玉座の間に戻ったエレノーグは通信の魔石を取り出し、ザイガスに連絡した。
「お前が行く砦の近くに、ロルウェイの町があるだろう?報告が正しければ、今櫻井翠はそこにいる。直ちにロルウェイに向かい、櫻井翠を殺すのだ。」
もちろんナーシェラの言った生け捕り作戦が方便だということなど、エレノーグはわかりきっている。魔将軍の一角を落とすまでに成長した翠は、今や立派な帝国の脅威だ。生かしておく理由がない。ブリジットを治めるため、ナーシェラがああ言っただけだ。
「ただし十分に準備をして、全力で倒せ。何せ奴は、サザーラを倒したのだからな。必要であれば、『眼』を使っても構わん。とにかく、櫻井翠を倒してくれさえすればいい。わかったな?」
エレノーグはザイガスに厳重に注意し、通信を終えた。
*
翠が反乱軍と共にロルウェイを出発してから数時間後、彼らはとある場所に着いた。フェリアが説明する。
「砦を攻略するための拠点だ。ここで敵の動きを見張らせている」
たどり着いたのは夜営地。砦から二キロちょっと離れた場所に、いくつものテントが張ってある。周囲にはインビジブルの力が込められた魔石を多数用意してあるため、帝国軍やモンスターにこの夜営地の存在を気付かれることはない。
「魔剣将軍ザイガスが砦に入り次第、作戦を開始する。それまで全員待機だ」
フェリアは反乱軍の兵士達に待機を命じた。

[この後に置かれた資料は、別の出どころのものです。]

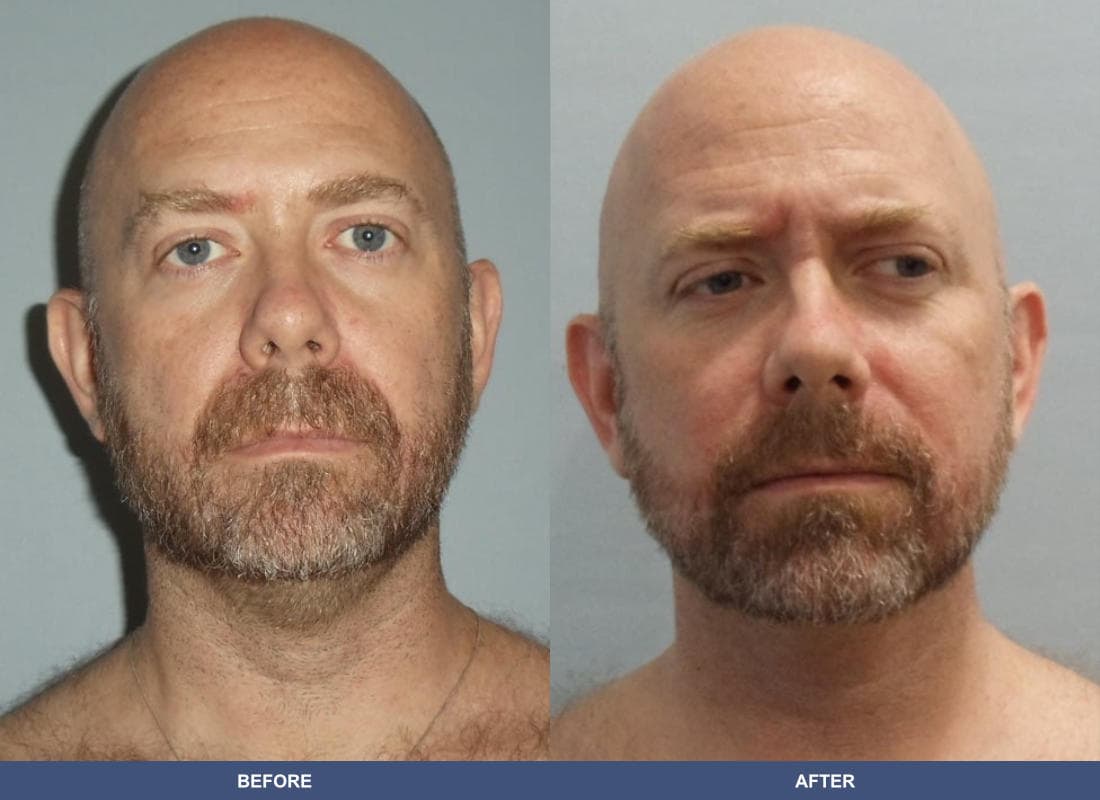 Liposuction before and after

目的の相手、ザイガスが目的の場所、砦に入りさえすれば、すぐに作戦を開始する。そして、一時間後。
「リーダー!」
全身黒ずくめの男が一人、やってきた。フェリアが翠に紹介する。
「砦を見張らせていた、反乱軍の密偵だ。何があった?」
「砦に魔剣将軍ザイガスが入りました!」
密偵からの報告を聞いて、反乱軍全体に緊張が走る。遂に、ザイガスが現れた。
「……みんな、恐れるな!」
しかし、フェリアはすぐに仲間達を鼓舞する。確かにザイガスは危険な相手だが、こちらには翠という強力な味方がいるのだ。恐れることはない。
「全員、出撃!!」
時は来た。反乱軍は、翠を連れて出撃した。
*
翠達は今、とても大きな砦の近くにいた。どこもかしこも帝国軍の兵士が警備に就いており、アリ一匹侵入できないような徹底ぶりである。
「翠、手筈通りに頼む。」
「わかりました。」
作戦はこうだ。翠が砦の内部に侵入し、暴れながら捕虜の安全を確保する。捕虜は全員反乱軍の兵士なので、武器さえ与えてやればいい。翠が捕虜達を戦えるようにし、内部が騒がしくなったら、反乱が外の警備連中と戦う。中と外から同時に攻めるのだ。その間翠はザイガスと接触し、打ち倒す。
「インビジブル!」
翠はインビジブルを使って透明になると、跳躍し、砦の壁を乗り越えて中に侵入した。この砦、下から入れる余地はないが、上からならいくらでも入れる。砦の内部構造は、フェリアに教えてもらった。翠は焦らないように、しかし急いで、捕虜がいる場所を目指す。この砦の地下には、敵を捕らえておく地下牢があるため、捕虜がいるとしたらそこだ。インビジブルの効果時間に注意し、途中で見掛ける兵士をスケイルブレードで倒しながら向かう。
「おい。なんか上が静かすぎねぇか?」
捕虜がいる地下牢。そこには三人の兵士がいて、捕虜達を見張っていた。
「ん?気のせいだろ。」
「そうそう。今ここには、あのザイガス将軍がいるんだし、何か起きたって問題ねぇよ。」
二人の兵士がそう言った直後、首が床に落ちた。
「ひっ!!なっ、何だぁ!?」
突然仲間が死亡し、残された兵士は驚いている。だが、その後すぐに、残った兵士も真っ二つになった。
「な、何だ!?」
「一体何が!?」
捕虜達が騒ぎ始める。やったのはもちろん翠だが、ここで捕虜を騒がせて敵に気付かれでもしたら、作戦が台無しだ。
「静かに!僕はフェリアさんに雇われた者です。」
「リーダーに!?」
なので、翠はインビジブルを解いて、捕虜達に作戦のことを告げる。翠がリザードソルジャーだということに捕虜達は驚いたが、フェリアの名前を出すと、捕虜達はすぐに大人しくなった。
「武器は僕が確保します。」
「わかった!」
作戦を説明した翠は、地下牢を出て兵士達を次々倒していく。捕虜達は翠についていき、やがてたくさんの武器が納められている部屋にたどり着いた。武器庫だ。剣も槍も斧も弓矢も、盾も鎧もよりどりみどりだ。
「もう大丈夫ですね?僕はこのまま、ザイガスを倒しに行きます。」
「ああ。気を付けてくれ!」
「はい!」
あとのことを捕虜達に任せた翠は、兵士達を倒しながら、ザイガスを探す。
「ザイガス!!どこだザイガス!!出てきて僕と戦え!!」
さすがにザイガスがどこにいるかはわからないので、大声で呼びながら探す。
「ザイガス!!」
と、
「うるせぇな。そんなに叫ばなくても聞こえてんだよ」
一つの部屋から、大剣を背負った一人の男が出てきた。右目に眼帯をしている。翠はザイガスに会ったことがないが、フェリアから特徴を聞いている。常に右目に眼帯を付けている男だ。砦の中のどの兵士も、眼帯なんて付けていなかった。つまり……
「お前が、魔剣将軍ザイガスだな!?」
「ああ。ザイガス・バールグラム。皇帝陛下から、魔剣将軍の称号をもらったモンだ。」
男はあっさり肯定した。
「僕は櫻井翠だ。お前を倒しに来た」
「櫻井翠?俺が聞いた話じゃ、櫻井翠はグリーンスネークだって……ああそうだ。リザードソルジャーに進化したって連絡が届いてたな」
「……ずいぶん話が広まるのが早いんだな。」
「通信の魔石のおかげでよ。ロルウェイの町にお前を殺しに行けって命令が来てたんだが、そっちから来てくれて手間が省けた。」
ザイガスは背負っている剣を抜き、翠に向ける。
「ブリジットには悪いが、このブラックデュランダルの錆になってもらうぜ。お前が死んだことはそうだな、事故だってことにして口裏合わせとくわ。」
「……僕は、負けない!!」
翠もまたスケイルブレードを両腕から生やし、ファイティングポーズを取った。
ファイアシューター 一度に複数のファイアボールを飛ばす、火属性の初級魔法。
サンダーシューター 複数のサンダーボールを飛ばす、雷属性の初級魔法。
ウォーターシューター 複数のウォーターボールを飛ばす、水属性の初級魔法。